Process datasets as a whole even with storage unit datafile

RKrahl commented 4 years ago

I suggest to change the behavior of ids.server if the storage unit is set to datafile: at the moment, each datafile is archived and restored individually. The suggestion is to change that and to always archive and restore entire datasets, regardless of the storage unit. That is, the distinction of the storage unit would almost completely be dropped from the core of ids.server. The distinction would still be retained in the way how the archive storage is accessed: for instance the DfRestorer would then restore one single dataset rather an arbitrary list of datafiles, but as opposed to the DsRestorer, it would still read each file individually from archive storage, rather then a single zip file containing all the files from the dataset.

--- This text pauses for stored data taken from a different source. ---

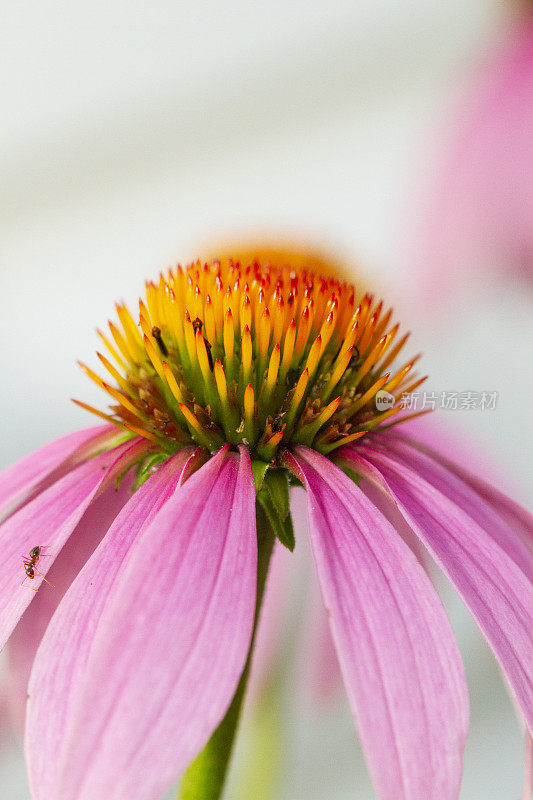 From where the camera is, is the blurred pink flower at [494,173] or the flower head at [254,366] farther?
the blurred pink flower at [494,173]

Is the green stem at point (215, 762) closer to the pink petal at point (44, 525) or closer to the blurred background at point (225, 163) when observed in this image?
the pink petal at point (44, 525)

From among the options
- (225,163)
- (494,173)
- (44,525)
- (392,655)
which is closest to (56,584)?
(44,525)

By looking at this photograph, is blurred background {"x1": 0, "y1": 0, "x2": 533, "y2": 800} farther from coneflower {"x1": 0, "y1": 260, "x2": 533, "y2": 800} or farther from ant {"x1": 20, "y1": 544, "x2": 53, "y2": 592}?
ant {"x1": 20, "y1": 544, "x2": 53, "y2": 592}

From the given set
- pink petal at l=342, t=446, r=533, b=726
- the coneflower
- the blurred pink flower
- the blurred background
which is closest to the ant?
the coneflower

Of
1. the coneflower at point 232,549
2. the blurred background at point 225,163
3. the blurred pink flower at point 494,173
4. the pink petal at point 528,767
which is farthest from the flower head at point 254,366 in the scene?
the blurred background at point 225,163

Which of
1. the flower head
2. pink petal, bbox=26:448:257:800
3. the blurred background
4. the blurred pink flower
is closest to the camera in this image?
pink petal, bbox=26:448:257:800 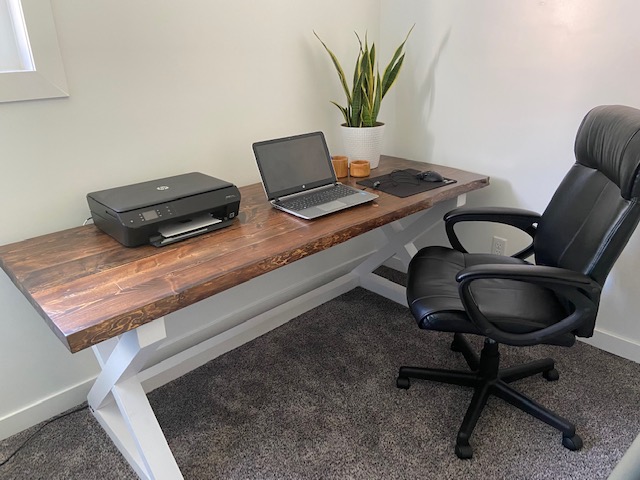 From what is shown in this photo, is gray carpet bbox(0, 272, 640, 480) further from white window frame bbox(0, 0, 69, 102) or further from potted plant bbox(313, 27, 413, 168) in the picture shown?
white window frame bbox(0, 0, 69, 102)

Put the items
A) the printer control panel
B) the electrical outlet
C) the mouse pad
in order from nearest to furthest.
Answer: the printer control panel, the mouse pad, the electrical outlet

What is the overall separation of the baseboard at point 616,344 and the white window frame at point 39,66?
7.70 feet

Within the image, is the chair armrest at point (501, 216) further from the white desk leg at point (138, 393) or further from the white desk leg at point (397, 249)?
the white desk leg at point (138, 393)

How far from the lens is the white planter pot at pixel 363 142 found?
212 cm

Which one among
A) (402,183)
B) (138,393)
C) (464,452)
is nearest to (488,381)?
(464,452)

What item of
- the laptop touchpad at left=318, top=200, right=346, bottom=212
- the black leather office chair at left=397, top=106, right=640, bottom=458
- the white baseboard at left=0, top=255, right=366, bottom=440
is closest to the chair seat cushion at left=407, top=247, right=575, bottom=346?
the black leather office chair at left=397, top=106, right=640, bottom=458

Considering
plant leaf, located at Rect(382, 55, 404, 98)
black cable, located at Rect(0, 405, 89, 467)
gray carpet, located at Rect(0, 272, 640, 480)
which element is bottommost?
black cable, located at Rect(0, 405, 89, 467)

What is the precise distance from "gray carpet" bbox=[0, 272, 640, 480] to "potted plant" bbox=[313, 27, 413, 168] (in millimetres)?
911

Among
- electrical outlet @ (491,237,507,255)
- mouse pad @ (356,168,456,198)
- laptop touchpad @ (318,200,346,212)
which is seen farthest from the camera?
electrical outlet @ (491,237,507,255)

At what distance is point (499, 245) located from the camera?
2285 mm

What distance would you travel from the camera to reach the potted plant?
6.82ft

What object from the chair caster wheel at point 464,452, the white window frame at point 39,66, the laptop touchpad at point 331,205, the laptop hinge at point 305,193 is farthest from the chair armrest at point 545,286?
the white window frame at point 39,66

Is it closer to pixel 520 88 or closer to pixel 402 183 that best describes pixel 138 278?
pixel 402 183

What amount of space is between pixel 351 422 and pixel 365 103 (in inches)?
54.3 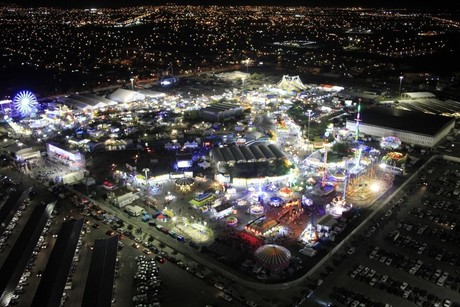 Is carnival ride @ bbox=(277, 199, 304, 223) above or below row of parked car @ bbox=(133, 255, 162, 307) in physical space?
below

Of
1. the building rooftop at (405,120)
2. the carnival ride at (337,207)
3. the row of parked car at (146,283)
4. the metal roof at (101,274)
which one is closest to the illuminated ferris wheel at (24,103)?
the metal roof at (101,274)

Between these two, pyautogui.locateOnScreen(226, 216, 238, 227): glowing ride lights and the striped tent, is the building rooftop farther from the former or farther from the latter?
the striped tent

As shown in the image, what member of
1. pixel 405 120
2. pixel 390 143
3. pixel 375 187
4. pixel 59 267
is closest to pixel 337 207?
pixel 375 187

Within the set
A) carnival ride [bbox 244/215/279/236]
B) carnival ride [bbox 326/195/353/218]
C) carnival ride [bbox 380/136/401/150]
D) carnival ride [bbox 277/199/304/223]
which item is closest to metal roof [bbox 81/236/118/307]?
carnival ride [bbox 244/215/279/236]

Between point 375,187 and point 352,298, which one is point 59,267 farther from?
point 375,187

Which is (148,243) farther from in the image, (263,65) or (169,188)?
(263,65) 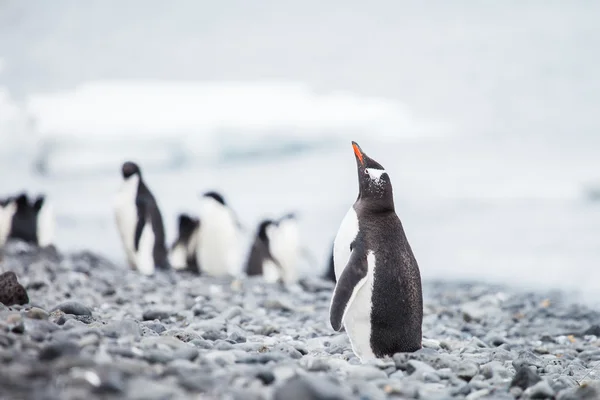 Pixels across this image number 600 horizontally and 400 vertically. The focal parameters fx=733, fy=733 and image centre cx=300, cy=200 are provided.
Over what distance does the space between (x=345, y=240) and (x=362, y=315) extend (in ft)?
1.16

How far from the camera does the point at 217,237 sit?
28.0 ft

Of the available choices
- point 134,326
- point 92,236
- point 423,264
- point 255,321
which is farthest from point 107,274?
point 92,236

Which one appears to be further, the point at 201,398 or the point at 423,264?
the point at 423,264

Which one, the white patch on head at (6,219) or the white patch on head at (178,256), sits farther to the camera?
the white patch on head at (6,219)

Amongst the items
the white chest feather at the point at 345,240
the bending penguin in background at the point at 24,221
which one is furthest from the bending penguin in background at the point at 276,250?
the white chest feather at the point at 345,240

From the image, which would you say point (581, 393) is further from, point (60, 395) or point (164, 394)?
point (60, 395)

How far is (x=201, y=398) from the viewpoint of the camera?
6.50 ft

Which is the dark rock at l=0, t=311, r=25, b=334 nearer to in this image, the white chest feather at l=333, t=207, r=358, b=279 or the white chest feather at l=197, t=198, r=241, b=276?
the white chest feather at l=333, t=207, r=358, b=279

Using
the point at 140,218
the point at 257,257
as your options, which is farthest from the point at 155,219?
the point at 257,257

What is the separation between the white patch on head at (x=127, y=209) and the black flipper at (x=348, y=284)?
510cm

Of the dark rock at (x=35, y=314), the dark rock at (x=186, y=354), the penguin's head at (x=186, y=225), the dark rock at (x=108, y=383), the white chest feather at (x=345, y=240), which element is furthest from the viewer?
the penguin's head at (x=186, y=225)

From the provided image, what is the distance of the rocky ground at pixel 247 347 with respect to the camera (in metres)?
2.03

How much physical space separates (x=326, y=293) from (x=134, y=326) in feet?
12.8

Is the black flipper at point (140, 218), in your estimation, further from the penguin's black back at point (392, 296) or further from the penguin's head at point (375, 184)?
the penguin's black back at point (392, 296) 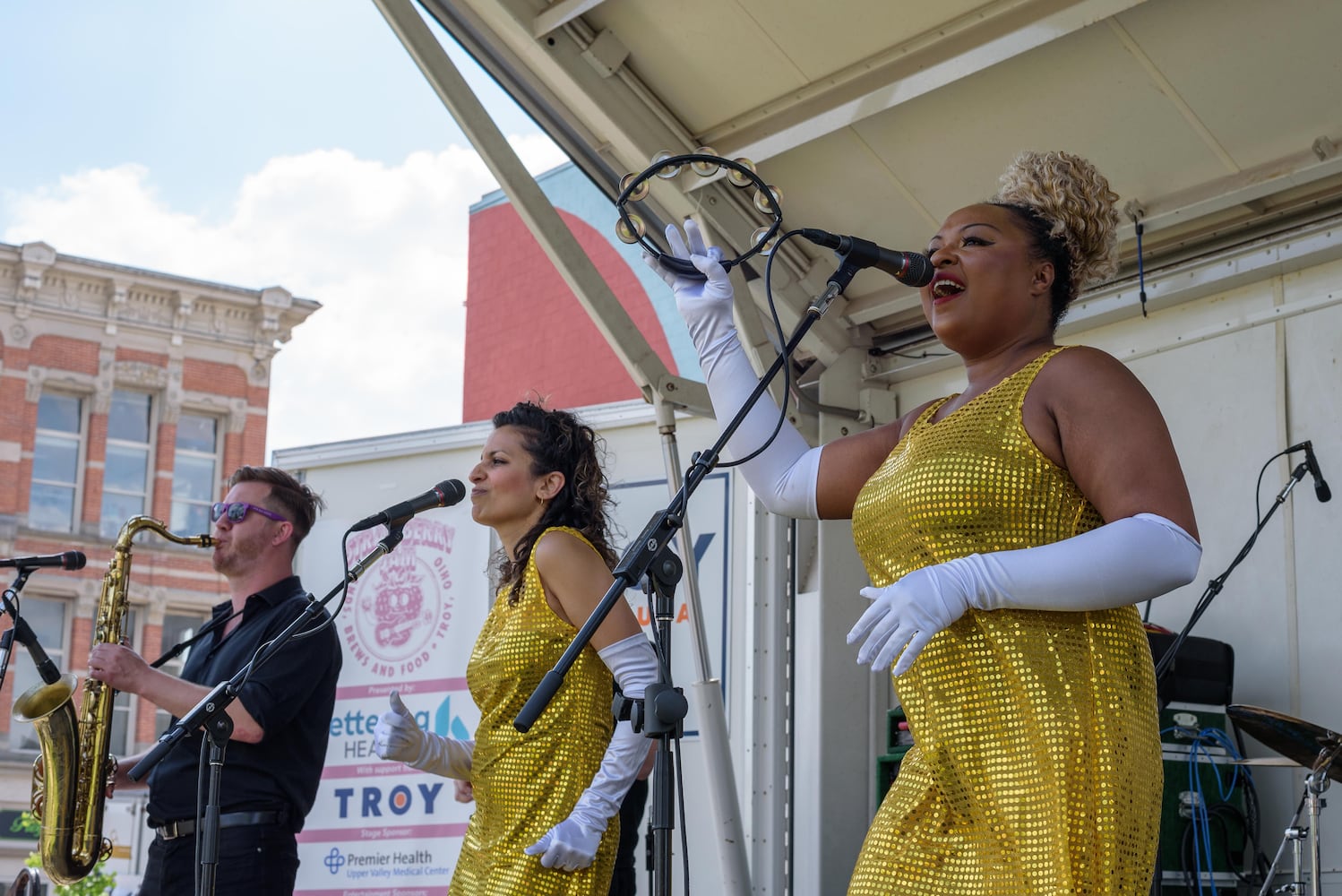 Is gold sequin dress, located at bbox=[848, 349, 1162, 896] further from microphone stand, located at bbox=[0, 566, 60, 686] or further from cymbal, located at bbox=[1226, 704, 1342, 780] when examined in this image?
microphone stand, located at bbox=[0, 566, 60, 686]

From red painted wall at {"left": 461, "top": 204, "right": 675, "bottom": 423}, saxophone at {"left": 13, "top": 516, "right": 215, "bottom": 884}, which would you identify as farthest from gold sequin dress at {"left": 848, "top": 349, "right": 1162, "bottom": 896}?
red painted wall at {"left": 461, "top": 204, "right": 675, "bottom": 423}

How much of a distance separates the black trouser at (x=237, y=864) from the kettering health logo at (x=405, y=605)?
2.33 m

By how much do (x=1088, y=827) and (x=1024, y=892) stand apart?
0.11 metres

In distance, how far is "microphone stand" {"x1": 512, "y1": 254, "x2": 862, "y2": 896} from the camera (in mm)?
1995

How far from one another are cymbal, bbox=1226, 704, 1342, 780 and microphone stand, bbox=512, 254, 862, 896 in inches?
83.9

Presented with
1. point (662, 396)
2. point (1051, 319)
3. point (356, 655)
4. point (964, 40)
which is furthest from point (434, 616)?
point (1051, 319)

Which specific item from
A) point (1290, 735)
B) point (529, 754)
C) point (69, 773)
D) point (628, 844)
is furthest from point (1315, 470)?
point (69, 773)

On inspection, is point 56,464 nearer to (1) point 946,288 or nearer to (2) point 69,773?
(2) point 69,773

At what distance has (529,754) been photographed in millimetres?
3123

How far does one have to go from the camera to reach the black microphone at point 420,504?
321cm

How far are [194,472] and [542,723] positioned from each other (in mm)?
30461

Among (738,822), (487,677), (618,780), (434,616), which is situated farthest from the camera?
(434,616)

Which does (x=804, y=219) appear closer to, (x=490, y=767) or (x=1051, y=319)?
(x=490, y=767)

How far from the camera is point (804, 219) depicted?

The main benefit would (hopefully) be a significant improvement of the performance in two aspects:

checking the status of requested data: for most user requests, we need to check whether the requested data is online. At the moment with storage unit datafile, each single datafile must be checked. This requires a fstat call on each file which is an expensive operation. Following the suggestion, only the presence of the dataset directory need to be checked.
restore: at the moment with storage unit datafile, in order to avoid to start thousands of individual threads, all pending restore requests in the queue are combined to a single restore call. That has the side effect that all concerned datasets need to be exclusively locked. These locks are kept until the full restore call is done. Following the suggestion, one restore thread per dataset would be started and the exclusive lock on that dataset would be released as soon as the restore of the dataset is done.

The only drawback I can see for the moment is that we get a coarser granularity on archive and restore operations. If a user requests one single datafile from a dataset having a large number of datafiles, the full dataset will be restored, not only the requested file.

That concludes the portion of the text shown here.